**WHAT YOU ARE ASKED TO DO:** Using the records below, write out again exactly the lines that begin at the line containing "Building Photo - 2203 Riverford Dr" and end at the line containing "Certified 2024 Audi", and no other lines.

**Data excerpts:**
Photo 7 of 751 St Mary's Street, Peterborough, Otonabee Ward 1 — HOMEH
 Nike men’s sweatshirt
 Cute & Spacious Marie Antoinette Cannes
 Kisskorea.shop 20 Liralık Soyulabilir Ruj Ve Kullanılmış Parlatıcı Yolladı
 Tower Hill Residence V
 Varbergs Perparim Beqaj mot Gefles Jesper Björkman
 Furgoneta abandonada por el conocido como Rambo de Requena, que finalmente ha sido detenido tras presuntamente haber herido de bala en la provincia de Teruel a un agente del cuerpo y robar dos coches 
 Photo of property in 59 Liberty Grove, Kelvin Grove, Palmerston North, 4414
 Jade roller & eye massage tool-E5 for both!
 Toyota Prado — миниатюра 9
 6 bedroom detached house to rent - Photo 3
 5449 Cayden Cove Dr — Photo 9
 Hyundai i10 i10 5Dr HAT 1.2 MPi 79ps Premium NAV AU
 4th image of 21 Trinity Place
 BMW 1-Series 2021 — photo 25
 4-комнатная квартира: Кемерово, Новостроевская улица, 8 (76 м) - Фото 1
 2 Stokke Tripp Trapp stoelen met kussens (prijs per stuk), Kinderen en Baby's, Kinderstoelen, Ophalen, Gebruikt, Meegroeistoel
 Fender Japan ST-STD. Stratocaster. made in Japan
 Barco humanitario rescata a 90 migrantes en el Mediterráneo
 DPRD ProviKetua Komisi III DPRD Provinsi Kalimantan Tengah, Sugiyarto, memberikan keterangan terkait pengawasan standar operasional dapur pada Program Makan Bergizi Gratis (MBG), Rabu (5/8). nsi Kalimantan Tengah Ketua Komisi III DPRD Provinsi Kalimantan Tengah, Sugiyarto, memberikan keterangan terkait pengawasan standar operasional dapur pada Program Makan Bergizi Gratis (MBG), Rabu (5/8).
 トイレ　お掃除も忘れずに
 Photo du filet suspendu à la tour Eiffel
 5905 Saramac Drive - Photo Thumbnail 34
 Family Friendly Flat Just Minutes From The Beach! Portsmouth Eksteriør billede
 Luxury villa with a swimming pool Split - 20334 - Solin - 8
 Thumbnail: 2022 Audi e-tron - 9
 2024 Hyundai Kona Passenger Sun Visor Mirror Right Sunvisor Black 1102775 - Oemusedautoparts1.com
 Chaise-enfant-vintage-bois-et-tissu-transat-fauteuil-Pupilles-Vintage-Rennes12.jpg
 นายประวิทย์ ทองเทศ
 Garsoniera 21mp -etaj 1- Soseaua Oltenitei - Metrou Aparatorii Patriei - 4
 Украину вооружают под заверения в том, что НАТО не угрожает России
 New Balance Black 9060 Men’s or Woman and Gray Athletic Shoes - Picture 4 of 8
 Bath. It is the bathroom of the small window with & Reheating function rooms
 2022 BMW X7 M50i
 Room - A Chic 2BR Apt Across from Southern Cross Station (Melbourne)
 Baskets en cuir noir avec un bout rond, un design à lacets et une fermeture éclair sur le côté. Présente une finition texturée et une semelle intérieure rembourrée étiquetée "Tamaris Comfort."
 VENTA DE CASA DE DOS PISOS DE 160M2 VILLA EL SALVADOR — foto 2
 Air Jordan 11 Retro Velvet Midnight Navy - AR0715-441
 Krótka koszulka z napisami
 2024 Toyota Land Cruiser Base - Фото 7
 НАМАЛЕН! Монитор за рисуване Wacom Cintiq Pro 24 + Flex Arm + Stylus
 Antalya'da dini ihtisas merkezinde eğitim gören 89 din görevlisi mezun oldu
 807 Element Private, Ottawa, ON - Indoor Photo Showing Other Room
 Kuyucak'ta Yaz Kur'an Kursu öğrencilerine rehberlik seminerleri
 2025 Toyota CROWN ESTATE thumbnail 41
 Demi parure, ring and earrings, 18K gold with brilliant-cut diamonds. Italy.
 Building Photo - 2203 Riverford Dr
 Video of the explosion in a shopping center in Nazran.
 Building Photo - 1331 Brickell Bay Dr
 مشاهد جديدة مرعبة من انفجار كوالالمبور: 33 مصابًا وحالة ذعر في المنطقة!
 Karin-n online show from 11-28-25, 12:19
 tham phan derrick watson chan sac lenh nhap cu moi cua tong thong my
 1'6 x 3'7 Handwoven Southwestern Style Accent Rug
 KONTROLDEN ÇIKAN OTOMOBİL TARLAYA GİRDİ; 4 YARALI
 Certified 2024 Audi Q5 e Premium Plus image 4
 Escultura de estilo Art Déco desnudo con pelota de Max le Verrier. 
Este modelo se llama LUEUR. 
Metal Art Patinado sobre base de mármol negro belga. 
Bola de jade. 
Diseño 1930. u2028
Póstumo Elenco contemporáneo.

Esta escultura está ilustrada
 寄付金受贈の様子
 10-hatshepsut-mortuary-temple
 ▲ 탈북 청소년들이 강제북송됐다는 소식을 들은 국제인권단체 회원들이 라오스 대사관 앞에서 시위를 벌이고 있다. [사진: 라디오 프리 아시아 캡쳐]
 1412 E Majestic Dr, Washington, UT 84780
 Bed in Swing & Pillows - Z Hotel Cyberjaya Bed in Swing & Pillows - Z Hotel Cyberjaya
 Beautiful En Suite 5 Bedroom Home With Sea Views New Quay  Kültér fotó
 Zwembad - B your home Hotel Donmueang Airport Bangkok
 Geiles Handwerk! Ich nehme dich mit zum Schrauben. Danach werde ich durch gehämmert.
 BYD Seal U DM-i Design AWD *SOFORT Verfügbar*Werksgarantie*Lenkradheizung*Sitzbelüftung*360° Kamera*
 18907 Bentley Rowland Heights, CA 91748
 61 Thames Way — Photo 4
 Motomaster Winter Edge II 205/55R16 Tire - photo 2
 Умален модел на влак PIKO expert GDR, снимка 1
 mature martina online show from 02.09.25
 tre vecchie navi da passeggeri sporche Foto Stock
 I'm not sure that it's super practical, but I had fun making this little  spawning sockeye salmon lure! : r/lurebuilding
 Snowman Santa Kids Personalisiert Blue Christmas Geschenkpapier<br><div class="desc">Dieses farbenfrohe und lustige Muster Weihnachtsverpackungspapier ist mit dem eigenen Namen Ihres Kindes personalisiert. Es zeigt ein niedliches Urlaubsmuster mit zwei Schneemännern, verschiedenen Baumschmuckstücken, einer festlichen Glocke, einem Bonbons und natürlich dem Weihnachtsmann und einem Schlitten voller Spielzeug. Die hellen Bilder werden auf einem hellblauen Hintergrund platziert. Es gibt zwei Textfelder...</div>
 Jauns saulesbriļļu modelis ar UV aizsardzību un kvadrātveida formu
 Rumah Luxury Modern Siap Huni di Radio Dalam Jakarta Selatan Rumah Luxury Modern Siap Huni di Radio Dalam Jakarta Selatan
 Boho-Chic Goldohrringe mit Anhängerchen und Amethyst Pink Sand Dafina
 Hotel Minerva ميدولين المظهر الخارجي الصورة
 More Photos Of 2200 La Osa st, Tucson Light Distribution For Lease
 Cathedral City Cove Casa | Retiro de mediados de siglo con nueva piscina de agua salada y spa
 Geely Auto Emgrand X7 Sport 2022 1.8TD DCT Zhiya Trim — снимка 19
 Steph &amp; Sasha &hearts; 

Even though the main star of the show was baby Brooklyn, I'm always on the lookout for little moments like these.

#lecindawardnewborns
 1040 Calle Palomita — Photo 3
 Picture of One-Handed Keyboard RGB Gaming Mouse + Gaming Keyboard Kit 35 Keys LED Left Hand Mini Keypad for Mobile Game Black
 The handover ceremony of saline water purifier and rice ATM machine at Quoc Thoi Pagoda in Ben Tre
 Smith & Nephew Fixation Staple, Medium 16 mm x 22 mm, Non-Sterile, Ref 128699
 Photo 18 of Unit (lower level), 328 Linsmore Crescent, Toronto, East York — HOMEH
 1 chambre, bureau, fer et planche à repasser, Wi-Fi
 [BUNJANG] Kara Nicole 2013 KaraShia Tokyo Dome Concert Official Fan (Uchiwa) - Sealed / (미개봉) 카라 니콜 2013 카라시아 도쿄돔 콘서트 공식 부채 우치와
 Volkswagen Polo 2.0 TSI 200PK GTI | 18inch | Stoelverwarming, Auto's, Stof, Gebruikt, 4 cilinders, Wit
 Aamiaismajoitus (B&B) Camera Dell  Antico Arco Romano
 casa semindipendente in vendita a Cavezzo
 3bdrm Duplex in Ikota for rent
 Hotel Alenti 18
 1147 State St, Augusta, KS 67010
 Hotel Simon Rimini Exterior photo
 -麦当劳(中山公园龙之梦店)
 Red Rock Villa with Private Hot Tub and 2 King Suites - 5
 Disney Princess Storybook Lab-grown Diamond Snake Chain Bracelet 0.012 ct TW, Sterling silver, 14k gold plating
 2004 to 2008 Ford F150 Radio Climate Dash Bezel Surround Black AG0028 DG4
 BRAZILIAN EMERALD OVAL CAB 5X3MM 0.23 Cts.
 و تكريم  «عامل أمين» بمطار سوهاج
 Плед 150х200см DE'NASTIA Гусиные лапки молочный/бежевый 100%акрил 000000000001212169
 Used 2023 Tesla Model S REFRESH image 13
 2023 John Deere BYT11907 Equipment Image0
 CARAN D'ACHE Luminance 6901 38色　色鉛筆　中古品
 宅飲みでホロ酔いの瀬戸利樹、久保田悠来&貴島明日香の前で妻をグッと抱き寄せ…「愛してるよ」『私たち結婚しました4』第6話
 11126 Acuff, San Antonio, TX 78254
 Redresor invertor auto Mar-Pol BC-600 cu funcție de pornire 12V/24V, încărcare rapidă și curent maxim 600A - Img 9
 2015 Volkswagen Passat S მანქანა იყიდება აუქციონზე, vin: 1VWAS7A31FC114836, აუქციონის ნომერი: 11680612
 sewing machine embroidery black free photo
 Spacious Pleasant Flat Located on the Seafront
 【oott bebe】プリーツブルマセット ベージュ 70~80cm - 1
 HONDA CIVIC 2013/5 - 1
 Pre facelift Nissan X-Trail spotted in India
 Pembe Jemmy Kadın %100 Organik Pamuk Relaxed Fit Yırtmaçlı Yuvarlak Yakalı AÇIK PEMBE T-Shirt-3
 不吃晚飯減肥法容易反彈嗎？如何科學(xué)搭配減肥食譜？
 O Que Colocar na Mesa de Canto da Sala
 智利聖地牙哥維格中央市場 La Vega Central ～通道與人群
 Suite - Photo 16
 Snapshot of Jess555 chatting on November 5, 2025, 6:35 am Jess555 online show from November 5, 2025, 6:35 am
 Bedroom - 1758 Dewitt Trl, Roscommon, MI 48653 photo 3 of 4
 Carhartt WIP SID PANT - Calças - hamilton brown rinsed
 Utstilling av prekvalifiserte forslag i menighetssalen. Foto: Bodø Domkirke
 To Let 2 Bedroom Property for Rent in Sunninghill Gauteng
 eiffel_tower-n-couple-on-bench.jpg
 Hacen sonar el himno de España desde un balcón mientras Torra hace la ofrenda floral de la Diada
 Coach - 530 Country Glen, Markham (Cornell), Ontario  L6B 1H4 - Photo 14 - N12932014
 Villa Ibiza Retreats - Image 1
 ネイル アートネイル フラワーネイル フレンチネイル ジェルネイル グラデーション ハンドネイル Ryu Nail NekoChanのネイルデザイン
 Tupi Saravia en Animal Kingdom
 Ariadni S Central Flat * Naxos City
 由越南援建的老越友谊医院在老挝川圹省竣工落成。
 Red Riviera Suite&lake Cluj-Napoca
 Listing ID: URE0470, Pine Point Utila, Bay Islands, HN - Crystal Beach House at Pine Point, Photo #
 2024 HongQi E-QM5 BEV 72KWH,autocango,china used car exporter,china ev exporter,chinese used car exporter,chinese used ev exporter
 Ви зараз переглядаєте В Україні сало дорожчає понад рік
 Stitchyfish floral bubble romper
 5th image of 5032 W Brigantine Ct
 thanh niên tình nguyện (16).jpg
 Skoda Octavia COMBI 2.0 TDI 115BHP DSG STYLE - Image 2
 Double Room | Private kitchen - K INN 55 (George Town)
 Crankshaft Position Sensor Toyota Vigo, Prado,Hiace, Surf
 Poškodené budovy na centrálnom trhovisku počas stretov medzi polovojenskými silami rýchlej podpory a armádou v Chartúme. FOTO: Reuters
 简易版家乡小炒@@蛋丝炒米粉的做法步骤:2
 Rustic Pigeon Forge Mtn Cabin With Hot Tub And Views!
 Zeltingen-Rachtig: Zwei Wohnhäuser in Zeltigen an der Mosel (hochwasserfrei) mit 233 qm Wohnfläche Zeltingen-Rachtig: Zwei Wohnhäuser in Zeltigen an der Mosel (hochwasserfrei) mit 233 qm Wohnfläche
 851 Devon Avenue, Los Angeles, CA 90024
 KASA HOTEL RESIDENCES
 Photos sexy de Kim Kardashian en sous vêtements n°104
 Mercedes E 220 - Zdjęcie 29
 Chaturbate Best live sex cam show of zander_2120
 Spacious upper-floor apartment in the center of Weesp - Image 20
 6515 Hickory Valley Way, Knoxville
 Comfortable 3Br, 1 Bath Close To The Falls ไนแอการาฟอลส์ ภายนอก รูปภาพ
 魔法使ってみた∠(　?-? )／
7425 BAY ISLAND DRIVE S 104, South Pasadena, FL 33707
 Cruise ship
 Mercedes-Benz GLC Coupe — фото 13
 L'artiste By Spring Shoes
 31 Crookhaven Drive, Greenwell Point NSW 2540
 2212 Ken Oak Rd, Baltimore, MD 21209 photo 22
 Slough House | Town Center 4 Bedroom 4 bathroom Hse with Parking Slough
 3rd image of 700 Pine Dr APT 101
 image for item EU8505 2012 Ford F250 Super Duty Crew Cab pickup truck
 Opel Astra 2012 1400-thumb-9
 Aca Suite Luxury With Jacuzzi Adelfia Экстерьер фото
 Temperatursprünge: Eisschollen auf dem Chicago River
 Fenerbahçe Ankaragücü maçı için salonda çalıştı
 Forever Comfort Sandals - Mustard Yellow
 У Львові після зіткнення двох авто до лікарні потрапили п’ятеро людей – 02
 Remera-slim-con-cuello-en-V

**WRITTEN ANSWER:**
 Building Photo - 2203 Riverford Dr
 Video of the explosion in a shopping center in Nazran.
 Building Photo - 1331 Brickell Bay Dr
 مشاهد جديدة مرعبة من انفجار كوالالمبور: 33 مصابًا وحالة ذعر في المنطقة!
 Karin-n online show from 11-28-25, 12:19
 tham phan derrick watson chan sac lenh nhap cu moi cua tong thong my
 1'6 x 3'7 Handwoven Southwestern Style Accent Rug
 KONTROLDEN ÇIKAN OTOMOBİL TARLAYA GİRDİ; 4 YARALI
 Certified 2024 Audi Q5 e Premium Plus image 4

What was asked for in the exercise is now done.